Work task —
Copy word for word the lines in the records below, starting at the line with "3rd image of 374 Woonasquatucket Ave #3" and ending at the line with "6 Atlantic View, Unit". Skip the pictures.

Material for this exercise —
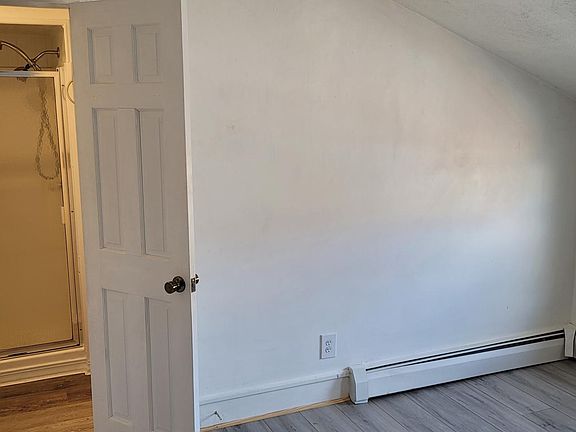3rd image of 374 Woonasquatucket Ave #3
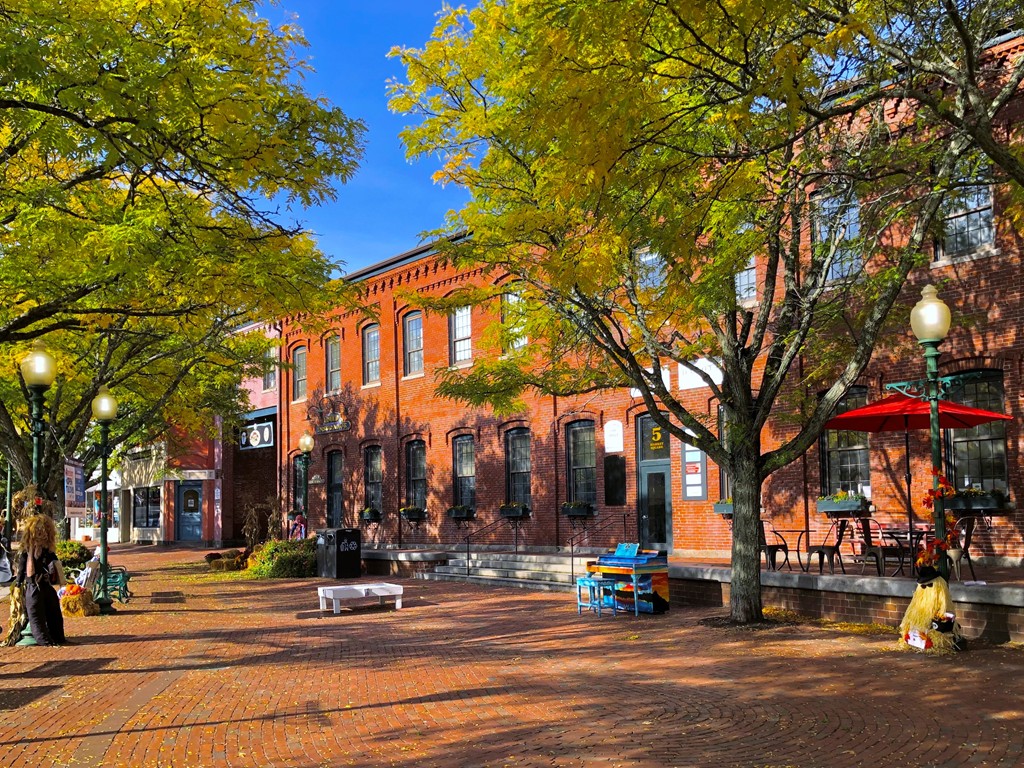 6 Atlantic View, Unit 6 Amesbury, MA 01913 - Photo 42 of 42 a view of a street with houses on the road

* * *

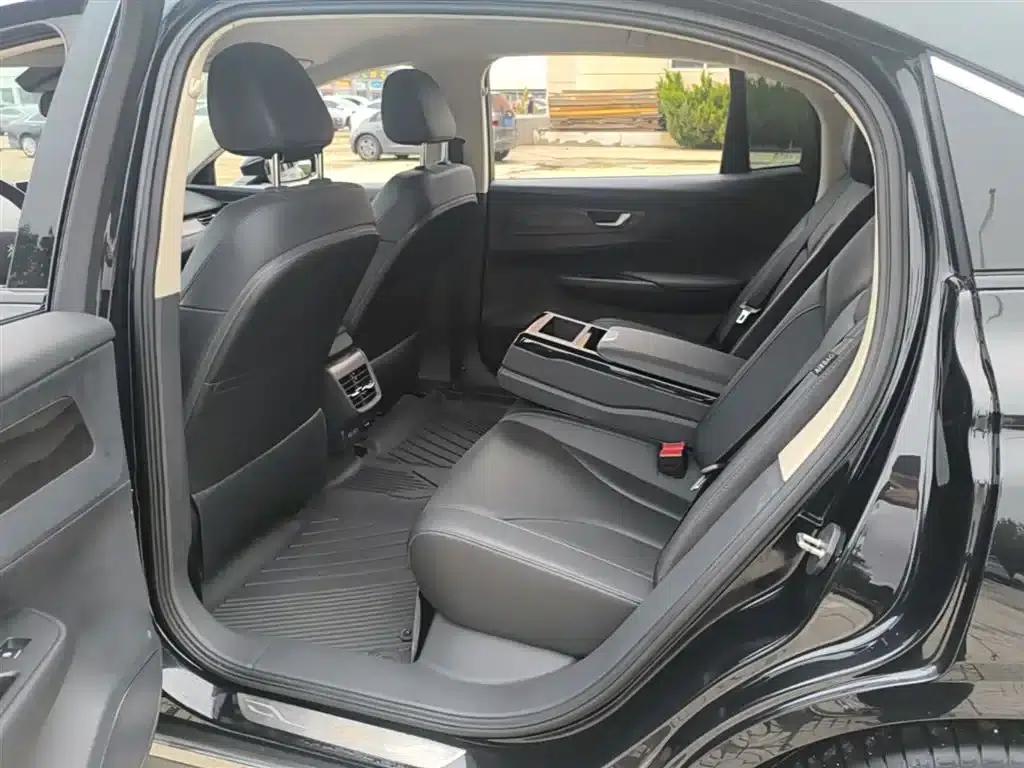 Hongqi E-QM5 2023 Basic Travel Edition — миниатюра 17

---

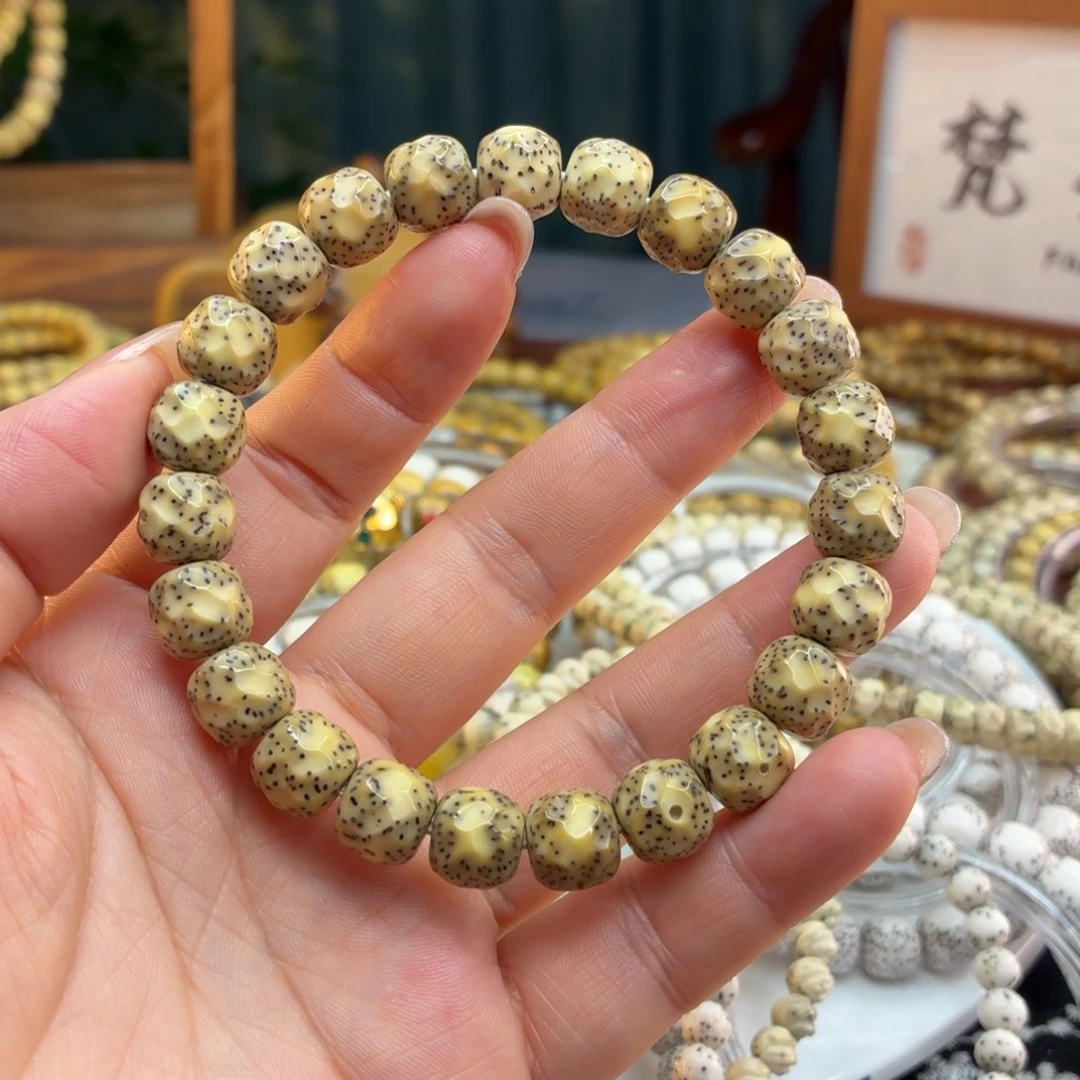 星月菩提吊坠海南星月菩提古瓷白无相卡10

Final answer —
3rd image of 374 Woonasquatucket Ave #3
 6 Atlantic View, Unit 6 Amesbury, MA 01913 - Photo 42 of 42 a view of a street with houses on the road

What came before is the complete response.